|Review of manuscript “Measuring sea ice concentration in the Arctic Ocean using SMSO” by Gabarro et al. |
The manuscript introduces a new algorithm to retrieve sea ice concentration in the Arctic region based on radiometric observations from the L-band SMOS, with its multi-viewing angles. It uses the Maximum Likelihood criterion with input distributions of a couple of radiometric indices, assuming Gaussian distributions with mean and standard deviation obtained from model and observation findings.
The idea is interesting, the study is scientifically warranted and it is an appropriate continuation, with a remarkable progress, of the limited number of similar studies using SMOS in the past 8 years. I would recommend publication and certainly commend the authors on their effort. However, one should keep in mind that the challenge of estimating SIC from remote sensing data remains.
In most studies, sea ice is treated as one entity. Yet, in nature it is manifested in several types with large diversity of physical properties that may lead to consider it as different entities. Thin ice, seasonal ice, perennial ice, summer ice, etc. are different “creatures” within the realm of sea ice; let alone snow-covered ice under different metamorphosed snow conditions that lend itself to different radiative properties, even under the passive L-band radiometry. Given this concept, I would be cautious when considering SIC algorithms trying to approximate the wide range of ice properties into a single set.
With this in mind I am not comfortable with the title of the paper that groups all ice types under one phrase “sea ice in the Arctic Ocean”, but I guess nothing can be done here! But it would be more appropriate to use the word “Estimating” in the title instead of “Measuring” since we don’t really measure SIC.
The method adds to the to the tools of estimating ice concentration from microwave data. One advantage of having different methods is to be able to perform cross-checking. This is important because there is no reliable “truth” data against which we can evaluate each method. All methods suffer from errors and the only way to approach the “truth” is by cross-checking. For example, the current study performs the validation by comparing results against maps from OSI-SAF. But the latter, much like any other operational ice maps, may not be considered truth data either.
Another concern is about a sentence in the Abstract; “We find that sea ice concentration is well determined (correlations of about 0.75) when compared to estimates from other sensors such as the Special Sensor Microwave/Imager (SSM/I and SSMIS).” Retrieval of any parameter from remote sensing data is associated not only to the sensor characteristics but also to the retrieval method. I believe the method used in this study is new, so if there are other method using L-band then the authors can do comparison.
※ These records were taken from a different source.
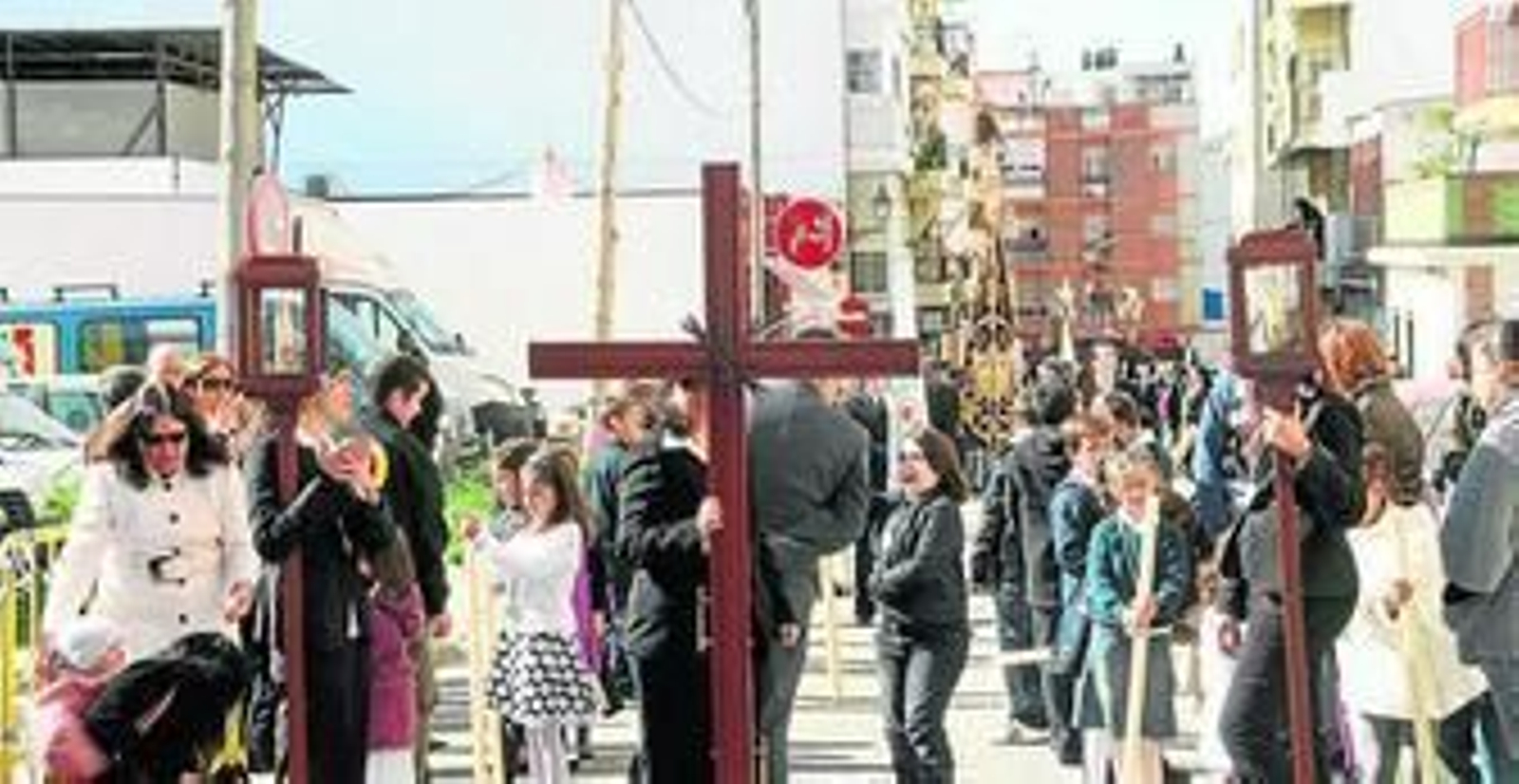 1. La cruz de guía que abre la procesión del Resucitado por Huelva 2. Los niños se hacen protagonistas durante el recorrido de la procesión por Verdeluz y La Hispanidad. 3. La Agrupación Musical de la Santa Cruz de Huelva acompaña el desfile procesional de la Hermandad del Santísimo Cristo Resucitado y María Santísima de la Luz 4. El paso del Cristo rodeado de los niños que acompañan la procesión por las calles.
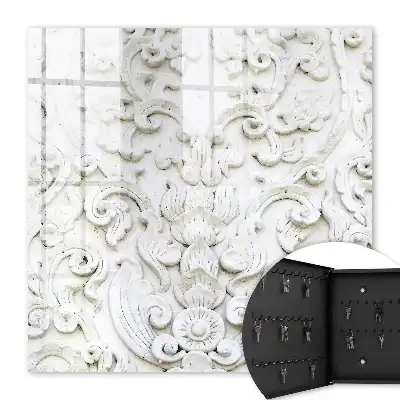 Ornamente albe în forme fine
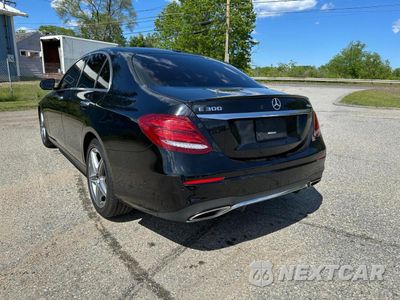 Trzecie zdjęcie samochodu z tyłu: 2019 MERCEDES-BENZ E 300 4MATIC VIN:WDDZF4KB6KA566954 - miniatura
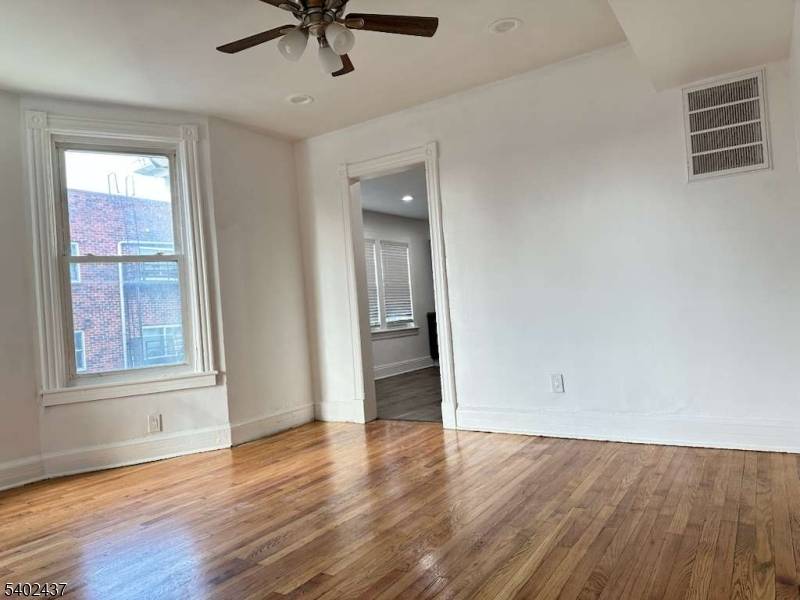 Roselle Boro, NJ 07203,144 W 2Nd Ave #2 A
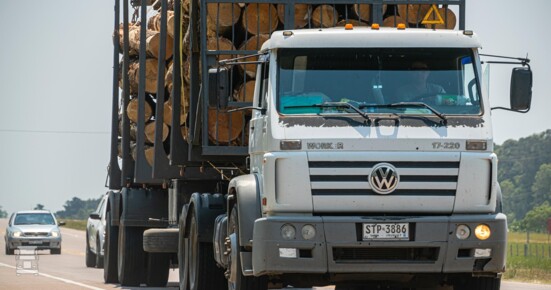 logging-truck-6659419_1280 logging-truck-6659419_1280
To keep the above statement, the authors should qualify it; namely to say correlate well with other passive microwave – but under what condition (when and where). I think it should correlate well with other sensors over mature Arctic sea ice in winter. Other than that I don’t think the correlation would reach 0.75.
A few suggestions for corrections are listed below. It would be nice if the authors consider them while preparing the final submission.
Page 4 Line 21: correct the sentence to be “Hereafter we will use TB to refer to surface brightness temperature, for simplicity”
Page 4 Line 25: correct the sentence to be “is the ratio between reflected and incident radiation”
Page 5 Line 4: no need to mention the refractive index (n); this is for optical remote sensing but here we deal with microwave.
Page 5 line 6: the sentence “The nonlinearity is an advantageous property for remote sensing …” is not explained. How? Also it has no relevance to the text before it. The authors may remove it.
Page 5 Line 7: if Fig. 2 is for the L-band please mention that in this line or in the figure caption. Also, while the authors mentioned the seawater and sea ice parameters that are used in equation 3, they did not mention the snow parameters. Here they have to be careful because it is difficult to characterize the snow by a single temperature value as it is highly responsive to the air temperature. Even for dry snow, it can be lossy because the salinity at the snow base is usually higher than 0; it can be as high as 20 ppt or higher as shown in many studies.
Page 5 line 23: “dry snow still has an effect in (make it “on” not “in”) emissivity that changes with the angle of incidence according to Snell’s law”. Snell’s law is about the angle of refraction, nothing to do with the emissivity.
Page 6: in the set of presented equations I think one equation is missing; that is the one that determines the reflectivity from the ice surface in terms of its dielectric constant (i.e. Fresnel equation). This should be inserted before equation 5.
Page 7 line 7: close the bracket after (resulting from ….unknown physical parameters).
Page 7 line 10: something wrong in the sentence “… among conditions such as deletedwhen a phase change …”
Page 7: just wonder why didn’t you use the polarization ratio instead of the polarization difference? The former is more common and it eliminates the dependence of the brightness temperature of the physical temperature. I am not suggesting to change the present scheme but an inclusion of a sentence to explain why PD and not PR would be useful.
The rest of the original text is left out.